[Extracted records]
*** Block opens ***

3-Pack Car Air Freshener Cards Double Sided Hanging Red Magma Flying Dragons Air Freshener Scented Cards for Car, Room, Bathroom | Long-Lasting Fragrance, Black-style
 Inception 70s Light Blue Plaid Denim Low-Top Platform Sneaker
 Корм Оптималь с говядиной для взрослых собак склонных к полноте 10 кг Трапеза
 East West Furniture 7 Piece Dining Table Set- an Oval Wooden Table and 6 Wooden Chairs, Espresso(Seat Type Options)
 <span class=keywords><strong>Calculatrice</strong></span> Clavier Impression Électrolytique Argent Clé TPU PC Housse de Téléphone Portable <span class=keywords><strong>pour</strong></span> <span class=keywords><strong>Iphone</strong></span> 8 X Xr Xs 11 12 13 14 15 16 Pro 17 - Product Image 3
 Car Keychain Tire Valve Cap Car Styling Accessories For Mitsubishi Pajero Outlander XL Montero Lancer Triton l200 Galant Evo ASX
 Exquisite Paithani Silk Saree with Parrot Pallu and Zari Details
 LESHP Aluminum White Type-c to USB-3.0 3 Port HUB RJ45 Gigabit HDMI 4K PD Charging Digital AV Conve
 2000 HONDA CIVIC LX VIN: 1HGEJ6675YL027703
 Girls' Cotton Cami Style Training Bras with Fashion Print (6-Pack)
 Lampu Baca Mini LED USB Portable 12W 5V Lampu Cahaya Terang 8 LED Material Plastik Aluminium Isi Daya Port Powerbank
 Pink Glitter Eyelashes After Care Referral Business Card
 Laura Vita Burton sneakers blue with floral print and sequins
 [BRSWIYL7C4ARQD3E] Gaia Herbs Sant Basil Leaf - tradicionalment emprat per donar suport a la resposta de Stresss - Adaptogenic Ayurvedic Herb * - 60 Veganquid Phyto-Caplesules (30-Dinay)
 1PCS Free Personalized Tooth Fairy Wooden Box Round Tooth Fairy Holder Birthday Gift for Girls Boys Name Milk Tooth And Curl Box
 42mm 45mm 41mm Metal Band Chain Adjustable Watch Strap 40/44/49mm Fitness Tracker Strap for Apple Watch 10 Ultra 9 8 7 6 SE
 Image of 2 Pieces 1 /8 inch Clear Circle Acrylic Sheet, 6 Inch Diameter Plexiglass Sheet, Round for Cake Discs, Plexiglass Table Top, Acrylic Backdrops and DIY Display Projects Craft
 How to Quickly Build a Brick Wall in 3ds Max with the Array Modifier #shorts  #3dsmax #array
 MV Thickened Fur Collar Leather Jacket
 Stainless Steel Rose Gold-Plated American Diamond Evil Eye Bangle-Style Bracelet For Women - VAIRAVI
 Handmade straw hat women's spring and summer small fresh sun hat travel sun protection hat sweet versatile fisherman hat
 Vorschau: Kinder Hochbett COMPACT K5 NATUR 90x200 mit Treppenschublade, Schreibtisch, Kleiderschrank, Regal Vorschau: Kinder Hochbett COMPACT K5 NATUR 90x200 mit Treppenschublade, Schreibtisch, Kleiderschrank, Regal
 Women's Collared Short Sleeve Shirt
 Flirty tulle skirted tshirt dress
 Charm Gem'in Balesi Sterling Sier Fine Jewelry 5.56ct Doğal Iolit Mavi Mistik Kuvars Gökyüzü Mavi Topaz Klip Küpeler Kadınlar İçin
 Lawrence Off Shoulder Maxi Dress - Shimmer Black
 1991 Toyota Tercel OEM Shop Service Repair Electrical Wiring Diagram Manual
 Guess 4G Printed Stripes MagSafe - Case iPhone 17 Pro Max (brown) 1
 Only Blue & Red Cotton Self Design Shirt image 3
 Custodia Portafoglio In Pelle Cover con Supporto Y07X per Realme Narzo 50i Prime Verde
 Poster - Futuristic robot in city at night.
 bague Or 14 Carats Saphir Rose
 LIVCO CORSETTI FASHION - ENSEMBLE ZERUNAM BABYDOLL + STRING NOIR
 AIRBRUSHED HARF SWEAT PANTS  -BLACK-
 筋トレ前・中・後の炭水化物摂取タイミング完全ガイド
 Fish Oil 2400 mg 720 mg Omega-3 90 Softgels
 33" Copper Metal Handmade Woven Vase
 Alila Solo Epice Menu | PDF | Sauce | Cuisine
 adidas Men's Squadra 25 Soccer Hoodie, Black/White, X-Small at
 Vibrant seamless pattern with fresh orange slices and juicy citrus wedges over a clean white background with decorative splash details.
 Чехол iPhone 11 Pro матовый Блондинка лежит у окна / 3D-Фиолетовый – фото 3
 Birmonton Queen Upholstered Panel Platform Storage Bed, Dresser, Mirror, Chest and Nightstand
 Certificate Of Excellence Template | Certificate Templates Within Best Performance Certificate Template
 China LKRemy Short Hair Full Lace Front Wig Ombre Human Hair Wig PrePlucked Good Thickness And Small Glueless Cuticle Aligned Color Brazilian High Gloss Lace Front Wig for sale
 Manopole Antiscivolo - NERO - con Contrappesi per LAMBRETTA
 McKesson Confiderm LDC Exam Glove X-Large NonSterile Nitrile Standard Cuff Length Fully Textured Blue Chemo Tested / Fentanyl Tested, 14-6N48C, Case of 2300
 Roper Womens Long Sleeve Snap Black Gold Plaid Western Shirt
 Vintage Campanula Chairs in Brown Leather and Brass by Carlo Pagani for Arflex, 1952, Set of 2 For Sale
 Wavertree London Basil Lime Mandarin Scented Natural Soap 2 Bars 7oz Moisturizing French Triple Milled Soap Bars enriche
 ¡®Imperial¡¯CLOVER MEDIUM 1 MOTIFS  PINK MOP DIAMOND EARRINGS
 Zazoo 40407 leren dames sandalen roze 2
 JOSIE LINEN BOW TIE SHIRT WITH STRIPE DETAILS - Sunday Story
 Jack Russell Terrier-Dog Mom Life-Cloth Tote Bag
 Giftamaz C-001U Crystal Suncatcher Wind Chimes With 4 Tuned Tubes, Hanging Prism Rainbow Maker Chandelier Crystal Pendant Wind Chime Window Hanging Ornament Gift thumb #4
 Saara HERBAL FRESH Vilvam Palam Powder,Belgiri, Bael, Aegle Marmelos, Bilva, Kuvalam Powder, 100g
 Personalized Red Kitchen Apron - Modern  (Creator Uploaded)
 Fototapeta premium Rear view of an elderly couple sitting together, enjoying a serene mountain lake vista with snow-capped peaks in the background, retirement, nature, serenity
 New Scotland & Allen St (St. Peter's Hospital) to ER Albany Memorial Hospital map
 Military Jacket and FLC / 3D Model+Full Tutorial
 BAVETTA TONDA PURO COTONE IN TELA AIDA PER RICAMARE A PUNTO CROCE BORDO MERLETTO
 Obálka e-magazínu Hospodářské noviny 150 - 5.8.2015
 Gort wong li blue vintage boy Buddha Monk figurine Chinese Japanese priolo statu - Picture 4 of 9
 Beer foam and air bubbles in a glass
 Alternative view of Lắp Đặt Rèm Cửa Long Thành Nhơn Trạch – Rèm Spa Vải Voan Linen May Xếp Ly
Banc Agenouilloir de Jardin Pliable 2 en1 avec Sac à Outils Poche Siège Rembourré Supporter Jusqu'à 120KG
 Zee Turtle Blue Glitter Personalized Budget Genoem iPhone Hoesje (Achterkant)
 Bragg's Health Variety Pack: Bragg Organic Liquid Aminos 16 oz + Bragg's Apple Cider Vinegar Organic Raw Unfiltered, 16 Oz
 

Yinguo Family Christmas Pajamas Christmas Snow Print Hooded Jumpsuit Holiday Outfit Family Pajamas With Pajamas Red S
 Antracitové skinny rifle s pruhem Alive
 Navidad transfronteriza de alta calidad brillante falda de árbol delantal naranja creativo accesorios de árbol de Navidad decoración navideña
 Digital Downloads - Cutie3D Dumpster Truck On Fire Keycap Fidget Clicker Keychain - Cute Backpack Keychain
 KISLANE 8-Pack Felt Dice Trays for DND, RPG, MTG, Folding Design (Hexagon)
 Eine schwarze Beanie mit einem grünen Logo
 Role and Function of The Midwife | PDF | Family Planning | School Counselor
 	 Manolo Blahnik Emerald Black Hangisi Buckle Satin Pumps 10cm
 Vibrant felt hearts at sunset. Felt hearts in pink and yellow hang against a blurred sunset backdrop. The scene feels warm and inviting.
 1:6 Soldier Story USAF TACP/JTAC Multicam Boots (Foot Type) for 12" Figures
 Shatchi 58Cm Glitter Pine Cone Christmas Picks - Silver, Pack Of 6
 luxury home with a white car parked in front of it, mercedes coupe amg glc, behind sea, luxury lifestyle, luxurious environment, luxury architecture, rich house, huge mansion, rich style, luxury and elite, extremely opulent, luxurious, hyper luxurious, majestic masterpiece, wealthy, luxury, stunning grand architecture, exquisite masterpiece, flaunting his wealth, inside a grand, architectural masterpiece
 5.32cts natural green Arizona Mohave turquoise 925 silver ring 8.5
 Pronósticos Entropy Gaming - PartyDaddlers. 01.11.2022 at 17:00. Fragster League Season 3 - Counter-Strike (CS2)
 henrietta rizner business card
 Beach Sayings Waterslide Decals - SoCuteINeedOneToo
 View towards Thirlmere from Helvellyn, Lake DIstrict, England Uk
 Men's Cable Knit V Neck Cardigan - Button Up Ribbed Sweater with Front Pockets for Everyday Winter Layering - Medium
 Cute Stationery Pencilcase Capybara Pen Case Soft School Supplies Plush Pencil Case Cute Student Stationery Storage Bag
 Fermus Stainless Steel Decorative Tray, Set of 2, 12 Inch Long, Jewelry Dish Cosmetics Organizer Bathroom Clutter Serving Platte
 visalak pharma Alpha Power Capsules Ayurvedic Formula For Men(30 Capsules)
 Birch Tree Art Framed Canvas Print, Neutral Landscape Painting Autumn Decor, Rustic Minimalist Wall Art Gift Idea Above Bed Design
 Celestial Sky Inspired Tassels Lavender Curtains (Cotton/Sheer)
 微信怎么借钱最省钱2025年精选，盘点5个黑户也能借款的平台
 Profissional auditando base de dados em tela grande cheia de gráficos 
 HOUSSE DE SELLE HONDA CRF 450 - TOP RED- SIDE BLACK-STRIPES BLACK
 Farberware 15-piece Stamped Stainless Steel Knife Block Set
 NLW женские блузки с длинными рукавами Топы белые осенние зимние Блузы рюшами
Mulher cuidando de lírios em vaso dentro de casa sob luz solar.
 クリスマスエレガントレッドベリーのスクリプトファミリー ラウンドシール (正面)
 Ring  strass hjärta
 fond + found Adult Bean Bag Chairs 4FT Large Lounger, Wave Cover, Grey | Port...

*** Block closes ***

Assignment
Look over the records above and say how many lines hold the word "Cotton", giving the number alone.

Exercise output
3